Unicode collation algorithm v14

The Unicode Collation Algorithm (UCA) is a specification (Unicode Technical Report #10) that defines a customizable method of collating and comparing Unicode data. Collation means how data is sorted as with a SELECT … ORDER BY clause. Comparison is relevant for searches that use ranges with less than, greater than, or equal to operators.

Customizability is an important factor for various reasons such as the following.

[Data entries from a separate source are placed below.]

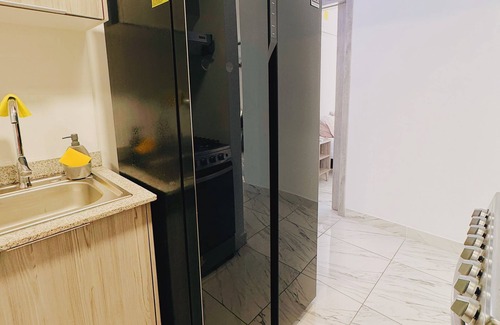 Calidonia Apartment | The Point – Stylish 2-BR w/Pool, Gym , Private Balcony & Free Parking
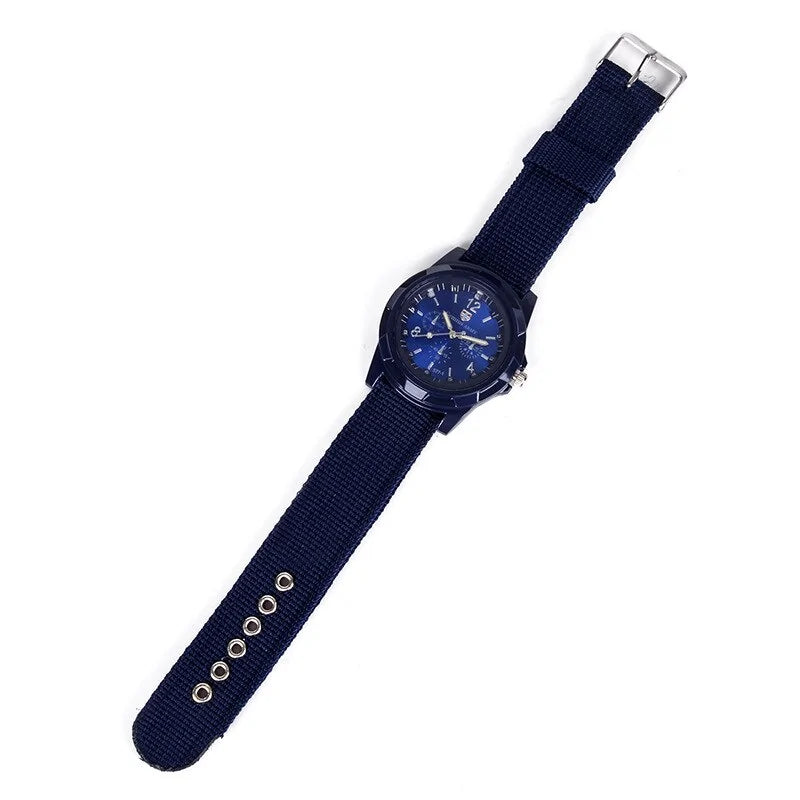 Fashion Nylon Strap Casual Watch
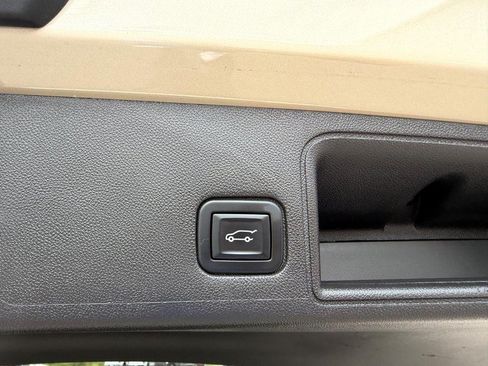 Used 2022 GMC Terrain AT4 w/ Infotainment Package II AWD/4WD image 8
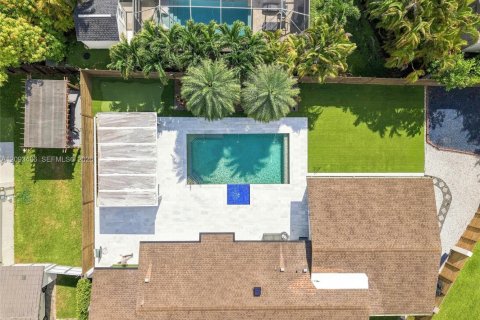 Casa en venta en Miami, Florida, 4 dormitorios, 229.56 m2 № 2382712 - foto 8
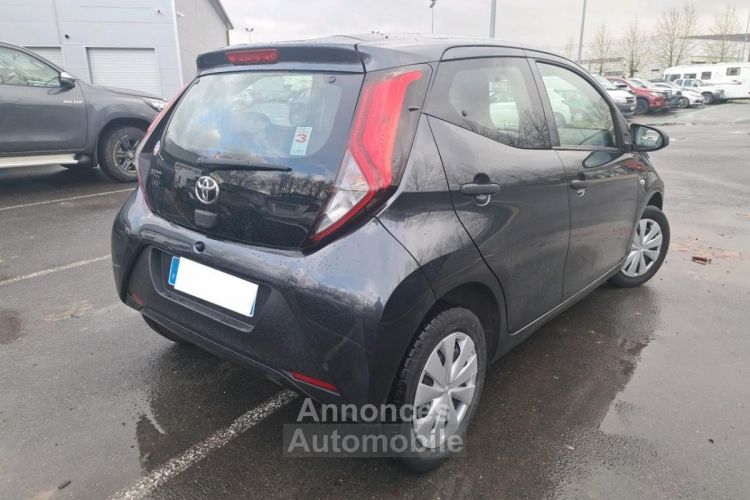 Toyota Aygo 1.0 VVT-i x-black CLIMATISATION - <small></small> 9.970 € <small></small> - #2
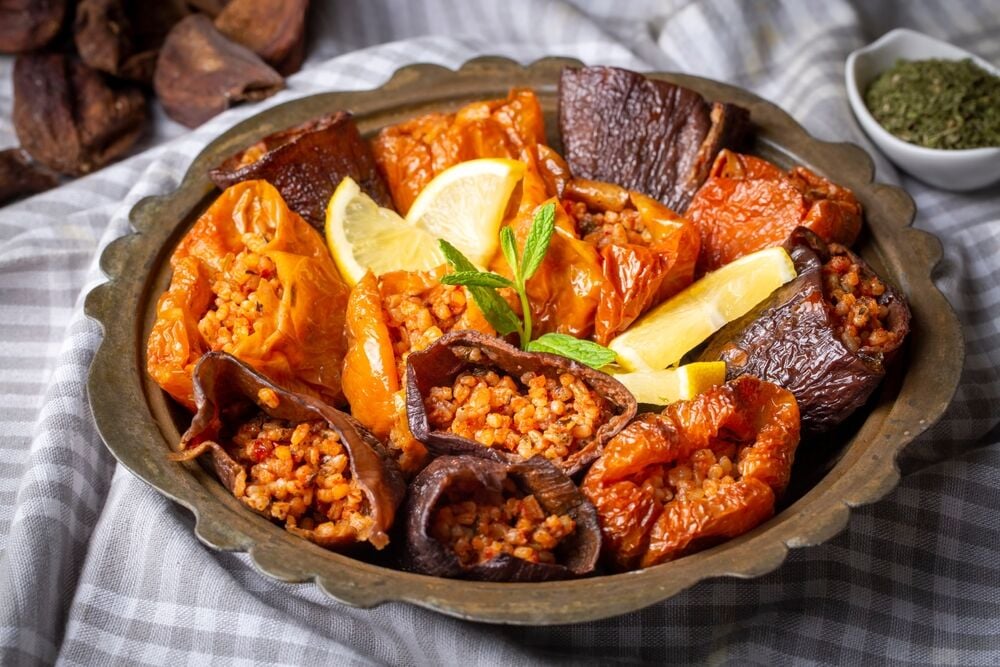 Patlıcan ve Biber Karışık Kuru Dolma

  • Unicode supports a vast number of languages. Letters that may be common to several languages may be expected to collate in different orders depending upon the language.
  • Characters that appear with letters in certain languages such as accents or umlauts have an impact on the expected collation depending upon the language.
  • In some languages, combinations of several consecutive characters should be treated as a single character with regards to its collation sequence.
  • There may be certain preferences as to the collation of letters according to case. For example, should the lowercase form of a letter collate before the uppercase form of the same letter or vice versa.
  • There may be preferences as to whether punctuation marks such as underscore characters, hyphens, or space characters should be considered in the collating sequence or should they simply be ignored as if they did not exist in the string.

Given all of these variations with the vast number of languages supported by Unicode, there is a necessity for a method to select the specific criteria for determining a collating sequence. This is what the Unicode Collation Algorithm defines.

Note

In addition, another advantage for using ICU collations (the implementation of the Unicode Collation Algorithm) is for performance. Sorting tasks, including B-tree index creation, can complete in less than half the time it takes with a non-ICU collation. The exact performance gain depends on your operating system version, the language of your text data, and other factors.

The following sections provide a brief, simplified explanation of the Unified Collation Algorithm concepts. As the algorithm and its usage are quite complex with numerous variations, refer to the official documents cited in these sections for complete details.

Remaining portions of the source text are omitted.